Bacterial cells may carry a single flagellum, and are thus described as monotrichous. If the single flagellum is at one end of a rod-shaped cell it is known as a polar flagellum. If the bacterium carries a single tuft of flagella, it is said to be lophotrichous (lophos - Greek for a crest). When the tuft appears at both ends of the cell, the bacterium is amphitrichous (amphi - Greek for 'at each end'). Bacteria that are covered all over in flagella are said to be peritrichous (peri - around).

Some bacteria are enclosed within a capsule. This protects the bacterium, even within phagocytes, helping to prevent the cell from being killed. Encapsulated bacteria grow as 'smooth' colonies, whereas colonies of bacteria that have lost their capsules appear rough. Rough colonies do not generally cause disease. Encapsulated bacteria do not succumb to intracellular killing as easily as bacteria that lack capsules. Strains of Streptococcus pnuemoniae that lack capsules do not cause disease. All the bacteria that cause meningitis are encapsulated. Suspending bacteria in India ink is an easy way of demonstrating capsules. Ink particles cannot penetrate the capsular material and encapsulated cells appear to have a halo around them. This is the Quellung reaction.

A few species of bacteria have the ability to produce highly resistant structures known as endospores (or simply spores). These resist a range of hazardous environments, and protect against heat, radiation, and desiccation. Endospores form within (hence endo-) special vegetative cells known as sporangia (singular sporangium). Diseases caused by sporing bacteria include botulism (Clostridium botulinum), gas gangrene (Clostridium perfringens), tetanus (Clostridium tetani) and acute food poisoning (Clostridium perfringens, again) All these bacteria are 'anaerobic'.

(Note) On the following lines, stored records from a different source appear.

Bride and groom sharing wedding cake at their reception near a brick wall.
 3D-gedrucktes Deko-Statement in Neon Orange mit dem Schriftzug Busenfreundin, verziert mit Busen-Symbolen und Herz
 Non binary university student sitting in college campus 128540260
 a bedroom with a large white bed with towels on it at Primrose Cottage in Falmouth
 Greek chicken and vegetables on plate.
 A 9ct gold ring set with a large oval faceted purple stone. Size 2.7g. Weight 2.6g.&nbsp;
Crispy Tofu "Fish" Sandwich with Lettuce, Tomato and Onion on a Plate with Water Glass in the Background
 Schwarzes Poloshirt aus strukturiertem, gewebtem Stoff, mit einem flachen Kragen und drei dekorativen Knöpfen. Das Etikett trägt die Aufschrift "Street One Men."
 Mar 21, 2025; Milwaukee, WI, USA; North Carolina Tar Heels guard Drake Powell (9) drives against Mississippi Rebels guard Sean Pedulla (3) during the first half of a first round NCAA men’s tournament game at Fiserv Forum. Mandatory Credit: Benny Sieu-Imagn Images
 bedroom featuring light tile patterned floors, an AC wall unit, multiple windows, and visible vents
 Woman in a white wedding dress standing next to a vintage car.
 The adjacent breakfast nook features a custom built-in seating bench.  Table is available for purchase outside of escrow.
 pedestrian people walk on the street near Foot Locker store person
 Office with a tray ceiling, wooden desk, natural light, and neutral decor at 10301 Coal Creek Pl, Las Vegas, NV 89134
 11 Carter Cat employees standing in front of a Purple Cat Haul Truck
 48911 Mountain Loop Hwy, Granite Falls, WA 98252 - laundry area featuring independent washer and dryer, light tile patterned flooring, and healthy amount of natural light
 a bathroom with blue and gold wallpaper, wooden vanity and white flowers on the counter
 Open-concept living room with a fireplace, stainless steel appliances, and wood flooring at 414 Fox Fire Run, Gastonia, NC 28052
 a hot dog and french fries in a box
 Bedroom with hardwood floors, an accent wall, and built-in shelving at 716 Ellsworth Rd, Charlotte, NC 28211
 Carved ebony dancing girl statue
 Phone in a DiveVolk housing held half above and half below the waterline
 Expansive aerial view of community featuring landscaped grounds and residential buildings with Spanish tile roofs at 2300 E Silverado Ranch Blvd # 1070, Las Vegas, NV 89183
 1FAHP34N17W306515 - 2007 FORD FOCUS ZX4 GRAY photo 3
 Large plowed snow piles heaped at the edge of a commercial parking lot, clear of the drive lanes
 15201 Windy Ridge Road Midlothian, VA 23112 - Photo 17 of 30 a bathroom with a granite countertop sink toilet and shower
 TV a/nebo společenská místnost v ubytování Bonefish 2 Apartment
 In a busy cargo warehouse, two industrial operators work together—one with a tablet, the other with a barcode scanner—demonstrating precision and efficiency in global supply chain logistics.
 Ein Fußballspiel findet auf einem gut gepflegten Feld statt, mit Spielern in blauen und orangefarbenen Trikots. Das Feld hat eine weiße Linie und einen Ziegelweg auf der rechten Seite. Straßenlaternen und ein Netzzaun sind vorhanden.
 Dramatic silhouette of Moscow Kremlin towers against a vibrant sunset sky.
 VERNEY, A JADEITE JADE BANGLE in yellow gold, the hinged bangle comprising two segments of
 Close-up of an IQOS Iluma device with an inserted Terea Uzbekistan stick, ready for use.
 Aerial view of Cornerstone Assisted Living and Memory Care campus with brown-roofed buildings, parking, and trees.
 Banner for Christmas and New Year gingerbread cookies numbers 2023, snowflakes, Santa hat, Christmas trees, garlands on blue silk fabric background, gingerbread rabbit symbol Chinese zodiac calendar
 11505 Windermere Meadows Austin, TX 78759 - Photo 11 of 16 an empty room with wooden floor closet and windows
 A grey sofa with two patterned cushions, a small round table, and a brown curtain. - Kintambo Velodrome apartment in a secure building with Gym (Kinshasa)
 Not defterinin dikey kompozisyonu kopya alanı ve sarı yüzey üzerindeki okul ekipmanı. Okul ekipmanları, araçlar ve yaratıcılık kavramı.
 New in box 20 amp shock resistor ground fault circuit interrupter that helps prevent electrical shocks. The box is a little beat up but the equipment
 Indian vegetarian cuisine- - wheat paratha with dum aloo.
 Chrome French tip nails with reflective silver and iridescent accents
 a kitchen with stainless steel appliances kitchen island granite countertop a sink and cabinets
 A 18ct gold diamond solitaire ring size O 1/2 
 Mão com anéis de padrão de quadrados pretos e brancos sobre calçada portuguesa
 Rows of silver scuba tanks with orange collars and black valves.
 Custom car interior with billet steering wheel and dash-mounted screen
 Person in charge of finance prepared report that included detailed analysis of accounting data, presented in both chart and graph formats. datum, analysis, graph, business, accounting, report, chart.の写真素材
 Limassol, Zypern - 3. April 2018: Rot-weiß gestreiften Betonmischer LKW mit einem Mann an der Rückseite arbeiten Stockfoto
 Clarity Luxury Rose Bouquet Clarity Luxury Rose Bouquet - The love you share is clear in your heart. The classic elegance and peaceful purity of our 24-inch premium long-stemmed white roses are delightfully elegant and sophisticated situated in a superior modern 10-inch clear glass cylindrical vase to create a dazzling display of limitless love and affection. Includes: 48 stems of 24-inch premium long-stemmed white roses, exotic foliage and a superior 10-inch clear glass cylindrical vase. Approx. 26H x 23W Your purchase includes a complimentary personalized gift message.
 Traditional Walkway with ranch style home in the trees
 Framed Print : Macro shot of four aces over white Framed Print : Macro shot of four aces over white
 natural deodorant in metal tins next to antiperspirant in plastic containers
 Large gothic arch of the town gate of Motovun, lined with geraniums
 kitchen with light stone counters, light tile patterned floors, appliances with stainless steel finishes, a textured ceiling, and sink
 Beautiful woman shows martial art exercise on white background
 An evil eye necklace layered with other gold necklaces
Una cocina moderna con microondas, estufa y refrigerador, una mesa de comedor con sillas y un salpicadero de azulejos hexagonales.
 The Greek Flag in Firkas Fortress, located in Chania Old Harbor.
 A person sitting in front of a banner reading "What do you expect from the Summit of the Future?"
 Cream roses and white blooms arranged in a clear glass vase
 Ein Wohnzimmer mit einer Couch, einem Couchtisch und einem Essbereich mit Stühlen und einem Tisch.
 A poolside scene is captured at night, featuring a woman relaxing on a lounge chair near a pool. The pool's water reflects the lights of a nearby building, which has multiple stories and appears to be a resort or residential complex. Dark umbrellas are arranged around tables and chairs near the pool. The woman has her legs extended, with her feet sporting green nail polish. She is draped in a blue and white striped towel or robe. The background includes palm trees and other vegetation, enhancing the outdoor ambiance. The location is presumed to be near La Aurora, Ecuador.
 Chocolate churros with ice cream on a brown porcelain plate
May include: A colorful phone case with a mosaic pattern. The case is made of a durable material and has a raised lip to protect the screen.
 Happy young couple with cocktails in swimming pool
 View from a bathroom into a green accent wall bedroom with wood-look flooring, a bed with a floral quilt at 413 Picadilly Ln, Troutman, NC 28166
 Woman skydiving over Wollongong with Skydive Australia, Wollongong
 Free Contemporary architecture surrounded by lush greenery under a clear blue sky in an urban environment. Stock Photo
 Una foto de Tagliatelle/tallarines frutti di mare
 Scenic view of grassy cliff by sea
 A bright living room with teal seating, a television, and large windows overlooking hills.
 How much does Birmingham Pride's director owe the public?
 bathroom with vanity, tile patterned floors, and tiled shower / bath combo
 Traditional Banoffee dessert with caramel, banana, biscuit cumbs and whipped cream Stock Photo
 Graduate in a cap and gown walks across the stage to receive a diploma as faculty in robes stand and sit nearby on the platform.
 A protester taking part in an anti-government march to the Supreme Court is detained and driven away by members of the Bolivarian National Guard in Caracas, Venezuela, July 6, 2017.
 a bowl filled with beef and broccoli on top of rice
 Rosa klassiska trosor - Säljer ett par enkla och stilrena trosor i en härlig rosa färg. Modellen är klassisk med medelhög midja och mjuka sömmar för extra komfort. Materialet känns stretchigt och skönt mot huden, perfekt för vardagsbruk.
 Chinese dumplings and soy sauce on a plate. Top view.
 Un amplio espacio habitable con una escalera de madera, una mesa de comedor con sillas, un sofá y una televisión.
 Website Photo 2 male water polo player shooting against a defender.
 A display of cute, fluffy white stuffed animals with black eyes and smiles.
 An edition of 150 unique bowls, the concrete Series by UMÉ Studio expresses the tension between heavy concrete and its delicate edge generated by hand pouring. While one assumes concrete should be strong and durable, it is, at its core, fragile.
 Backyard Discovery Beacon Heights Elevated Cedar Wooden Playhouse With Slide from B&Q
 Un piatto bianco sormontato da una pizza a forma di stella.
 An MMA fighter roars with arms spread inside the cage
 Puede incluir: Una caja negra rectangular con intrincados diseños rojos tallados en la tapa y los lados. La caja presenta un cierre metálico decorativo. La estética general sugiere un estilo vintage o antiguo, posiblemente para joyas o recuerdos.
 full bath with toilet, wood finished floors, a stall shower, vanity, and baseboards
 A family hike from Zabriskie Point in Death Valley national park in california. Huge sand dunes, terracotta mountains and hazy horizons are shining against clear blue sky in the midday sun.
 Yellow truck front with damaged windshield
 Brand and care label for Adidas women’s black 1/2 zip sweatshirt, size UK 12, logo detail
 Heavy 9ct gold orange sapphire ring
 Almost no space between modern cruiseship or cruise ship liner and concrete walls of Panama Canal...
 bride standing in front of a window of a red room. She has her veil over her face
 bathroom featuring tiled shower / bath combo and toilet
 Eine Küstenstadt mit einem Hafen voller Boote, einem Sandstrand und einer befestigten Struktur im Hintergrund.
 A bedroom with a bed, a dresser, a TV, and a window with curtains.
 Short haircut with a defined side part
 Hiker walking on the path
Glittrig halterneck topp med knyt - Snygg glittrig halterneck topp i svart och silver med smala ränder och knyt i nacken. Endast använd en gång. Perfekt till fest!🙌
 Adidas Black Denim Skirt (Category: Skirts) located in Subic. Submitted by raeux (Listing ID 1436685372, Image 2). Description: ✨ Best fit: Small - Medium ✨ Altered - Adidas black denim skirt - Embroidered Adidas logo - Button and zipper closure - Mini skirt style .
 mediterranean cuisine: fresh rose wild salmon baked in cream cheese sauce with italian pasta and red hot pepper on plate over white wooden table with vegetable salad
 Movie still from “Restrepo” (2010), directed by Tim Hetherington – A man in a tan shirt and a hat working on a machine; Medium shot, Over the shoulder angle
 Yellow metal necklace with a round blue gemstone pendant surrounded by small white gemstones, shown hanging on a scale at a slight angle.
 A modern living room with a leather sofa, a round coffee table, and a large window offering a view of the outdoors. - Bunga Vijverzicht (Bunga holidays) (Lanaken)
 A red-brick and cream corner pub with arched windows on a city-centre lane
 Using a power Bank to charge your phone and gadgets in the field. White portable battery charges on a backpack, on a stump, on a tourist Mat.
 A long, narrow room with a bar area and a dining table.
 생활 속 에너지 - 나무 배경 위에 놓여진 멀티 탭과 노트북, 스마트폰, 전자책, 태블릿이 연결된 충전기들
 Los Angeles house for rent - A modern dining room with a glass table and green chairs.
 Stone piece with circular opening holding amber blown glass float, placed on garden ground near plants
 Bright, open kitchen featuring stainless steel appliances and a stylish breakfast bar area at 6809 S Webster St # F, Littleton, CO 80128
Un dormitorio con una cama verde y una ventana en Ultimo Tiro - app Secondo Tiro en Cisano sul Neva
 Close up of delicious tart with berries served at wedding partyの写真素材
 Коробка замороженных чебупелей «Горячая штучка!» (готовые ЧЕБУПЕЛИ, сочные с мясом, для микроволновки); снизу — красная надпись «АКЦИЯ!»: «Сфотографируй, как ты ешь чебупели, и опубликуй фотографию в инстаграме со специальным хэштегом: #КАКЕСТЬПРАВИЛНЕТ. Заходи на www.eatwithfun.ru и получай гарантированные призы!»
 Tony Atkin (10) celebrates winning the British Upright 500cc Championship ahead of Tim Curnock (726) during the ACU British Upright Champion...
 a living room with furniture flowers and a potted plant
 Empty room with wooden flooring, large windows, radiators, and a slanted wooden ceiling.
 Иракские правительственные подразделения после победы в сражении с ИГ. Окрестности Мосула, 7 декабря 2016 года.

Some bacteria have an absolute requirement for oxygen. These are the obligate aerobes. Others, the facultative anaerobes can survive in the absence as well as the presence of oxygen. The obligate anaerobes are killed by traces of oxygen. A small group of bacteria are killed by normal atmospheric levels of oxygen, but yet require traces of oxygen to grow. These are the referred to as microaerophiles.